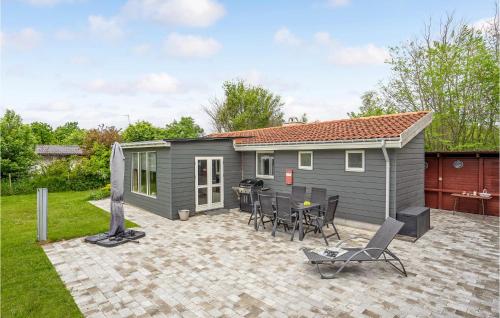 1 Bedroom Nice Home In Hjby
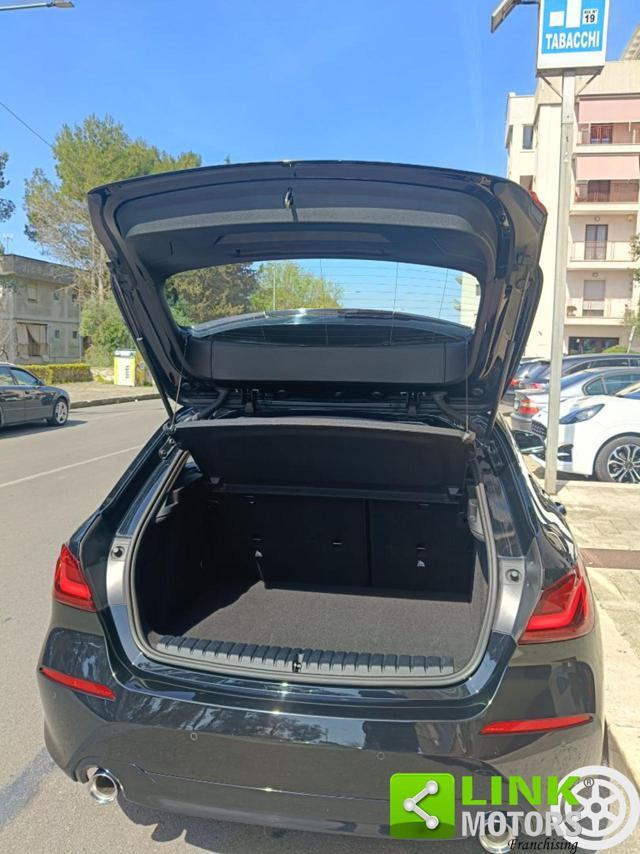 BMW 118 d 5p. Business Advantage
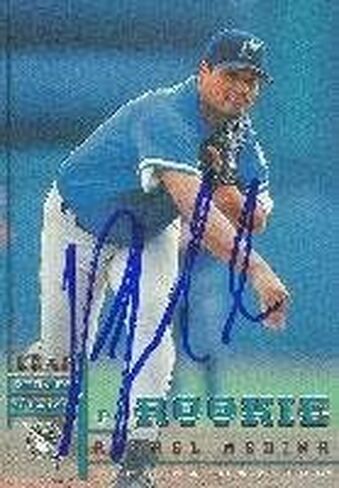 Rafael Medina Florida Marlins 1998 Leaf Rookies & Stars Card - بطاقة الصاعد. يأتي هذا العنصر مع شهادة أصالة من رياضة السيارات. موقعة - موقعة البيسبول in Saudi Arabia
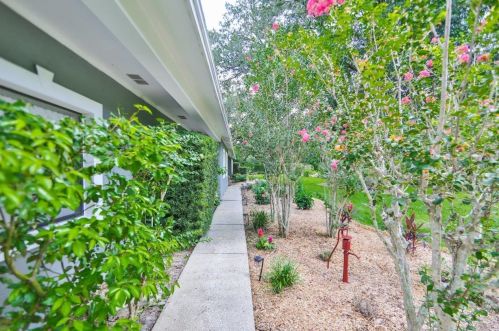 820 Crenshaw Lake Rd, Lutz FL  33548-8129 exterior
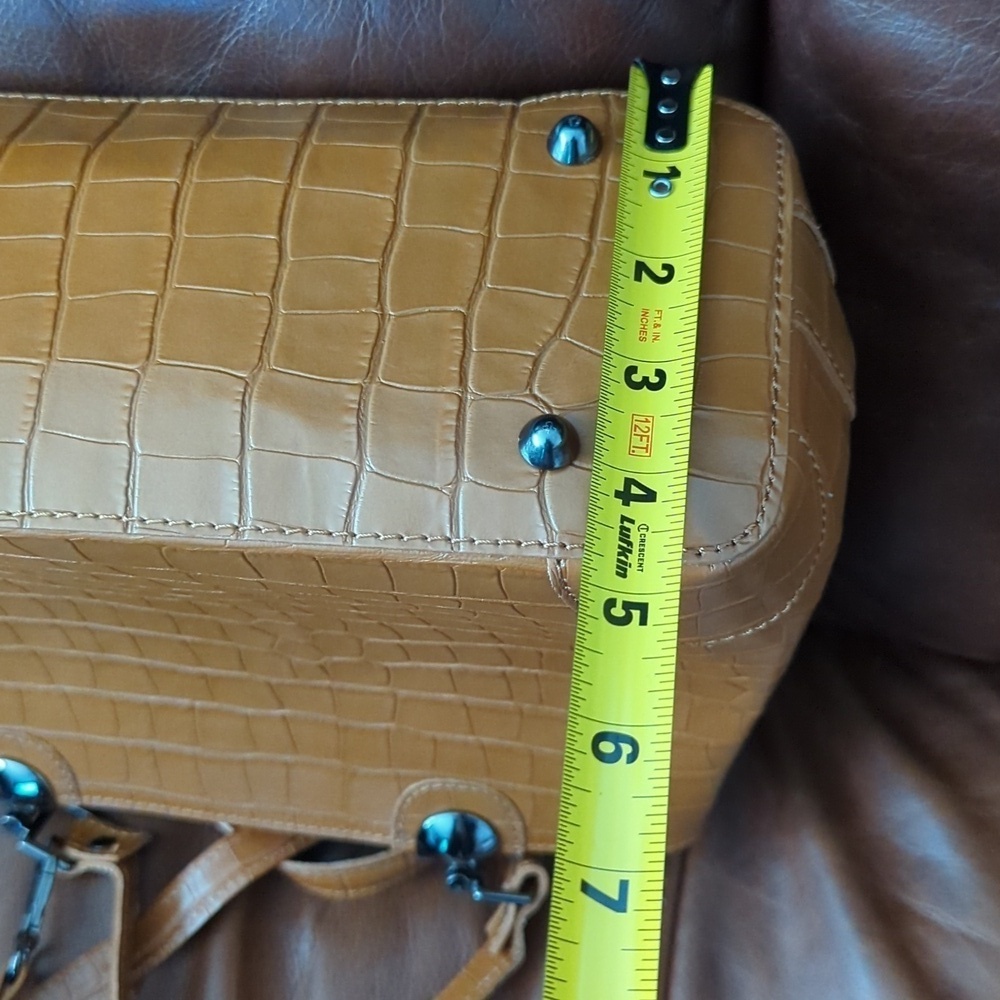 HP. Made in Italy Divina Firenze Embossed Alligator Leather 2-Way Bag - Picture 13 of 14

» **WHAT IS BEING ASKED**
Print the records above again exactly. Leave out the images.

» **TASK RESULT**
 1 Bedroom Nice Home In Hjby
 BMW 118 d 5p. Business Advantage
 Rafael Medina Florida Marlins 1998 Leaf Rookies & Stars Card - بطاقة الصاعد. يأتي هذا العنصر مع شهادة أصالة من رياضة السيارات. موقعة - موقعة البيسبول in Saudi Arabia
 820 Crenshaw Lake Rd, Lutz FL  33548-8129 exterior
 HP. Made in Italy Divina Firenze Embossed Alligator Leather 2-Way Bag - Picture 13 of 14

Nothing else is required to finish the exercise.